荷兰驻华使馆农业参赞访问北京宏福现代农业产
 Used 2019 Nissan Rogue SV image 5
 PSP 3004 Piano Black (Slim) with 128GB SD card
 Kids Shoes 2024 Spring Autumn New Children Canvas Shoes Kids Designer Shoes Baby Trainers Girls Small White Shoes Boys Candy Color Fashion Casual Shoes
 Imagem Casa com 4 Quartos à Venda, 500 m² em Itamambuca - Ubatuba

==

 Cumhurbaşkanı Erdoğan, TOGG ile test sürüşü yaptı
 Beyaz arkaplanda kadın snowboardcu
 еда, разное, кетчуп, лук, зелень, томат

*Task directions:* Reproducing the whole listing above is not the task. Copy exactly only the lines from the one with "荷兰驻华使馆农业参赞访问北京宏福现代农业产" to the one with "Kids Shoes 2024", both kept.

*Answer box:*
荷兰驻华使馆农业参赞访问北京宏福现代农业产
 Used 2019 Nissan Rogue SV image 5
 PSP 3004 Piano Black (Slim) with 128GB SD card
 Kids Shoes 2024 Spring Autumn New Children Canvas Shoes Kids Designer Shoes Baby Trainers Girls Small White Shoes Boys Candy Color Fashion Casual Shoes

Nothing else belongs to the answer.